**What the task asks:** Apart from the images, every record here needs to be copied exactly.

**Records for this task:**

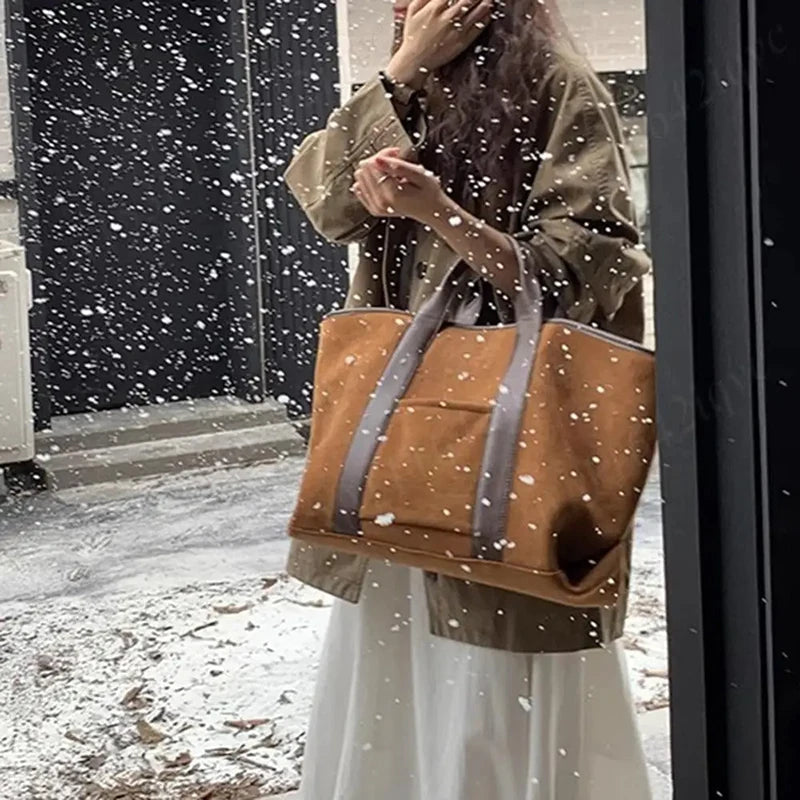 Vintage Suede Large Capacity Handbag Simple All-match Fashion Tote Bags Design Casual Top Handle Shoulder Bag For Women Your Shop Mania
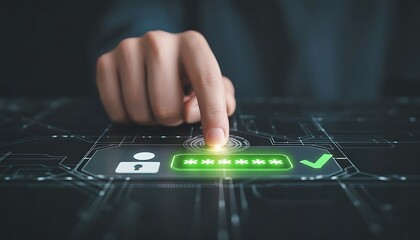 Finger pressing secure login button on digital interface with cybersecurity checkmark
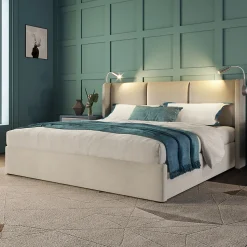 Lit Coffre 160 x 200 Cm - Lit Double avec Lampe de Lecture et Charge USB - Bois Massif et PU - Sans Matelas - Beige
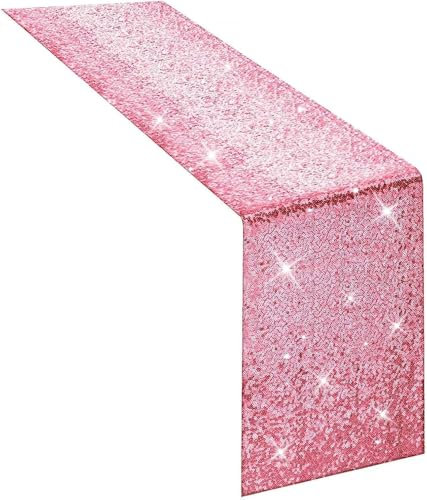 yuboo Tischläufer mit Pailletten, glitzernd, für Geburtstag, Hochzeit, Babyparty, Brautparty, Party, Dekoration, Rosa, Herbst, Heimdekoration, 30,5 x 182,9 cm, Rosa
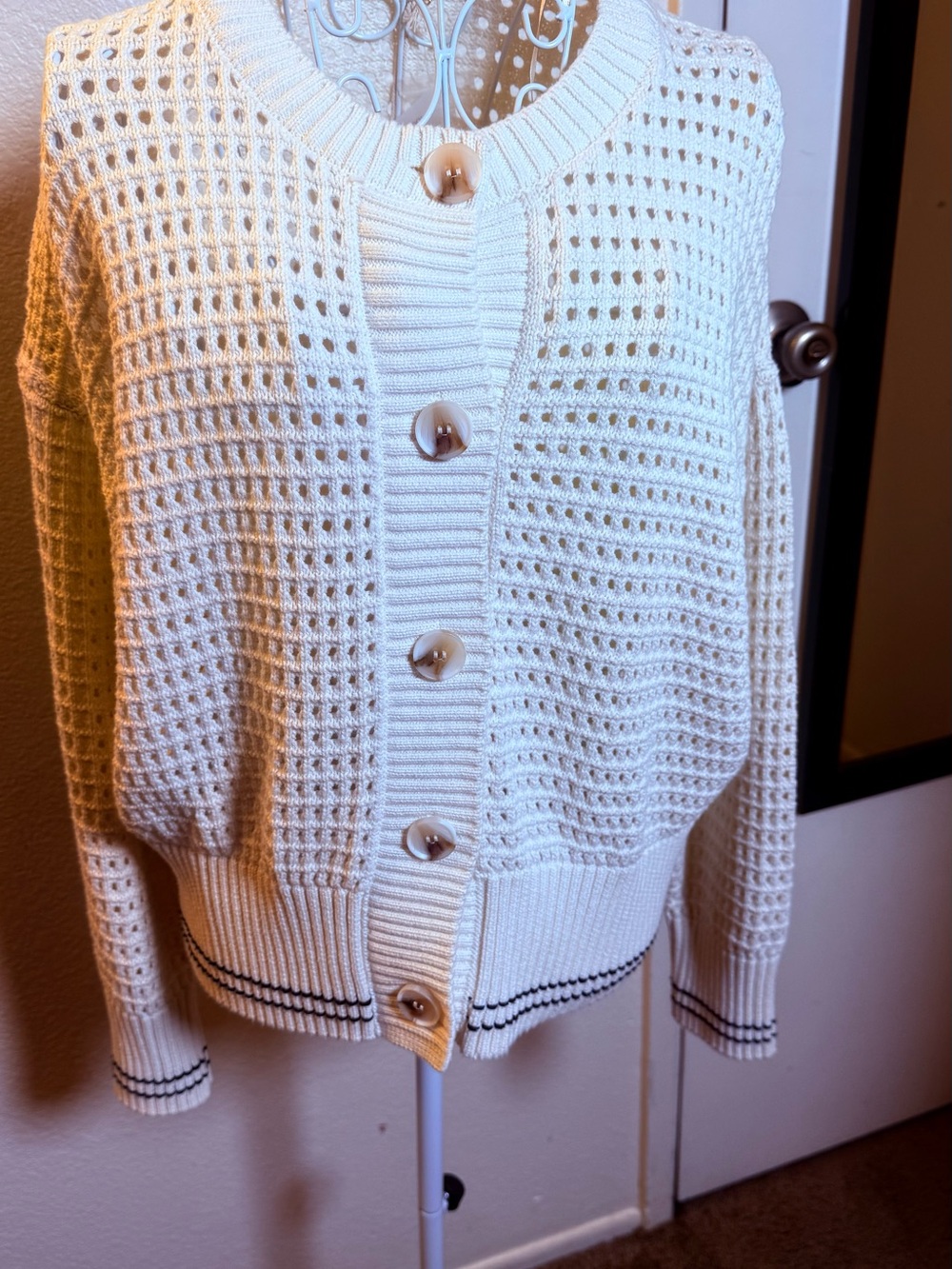 Magaschoni Cream Open-Weave Button Front Cardigan with Contrast Trim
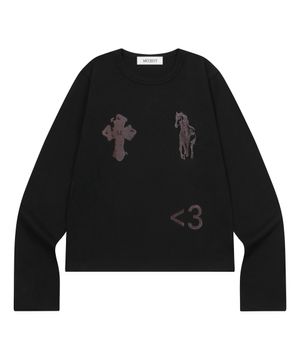 엔틱 크로스 포니 긴팔 티 (2컬러)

**Task response:**
 Vintage Suede Large Capacity Handbag Simple All-match Fashion Tote Bags Design Casual Top Handle Shoulder Bag For Women Your Shop Mania
 Finger pressing secure login button on digital interface with cybersecurity checkmark
 Lit Coffre 160 x 200 Cm - Lit Double avec Lampe de Lecture et Charge USB - Bois Massif et PU - Sans Matelas - Beige
 yuboo Tischläufer mit Pailletten, glitzernd, für Geburtstag, Hochzeit, Babyparty, Brautparty, Party, Dekoration, Rosa, Herbst, Heimdekoration, 30,5 x 182,9 cm, Rosa
 Magaschoni Cream Open-Weave Button Front Cardigan with Contrast Trim
 엔틱 크로스 포니 긴팔 티 (2컬러)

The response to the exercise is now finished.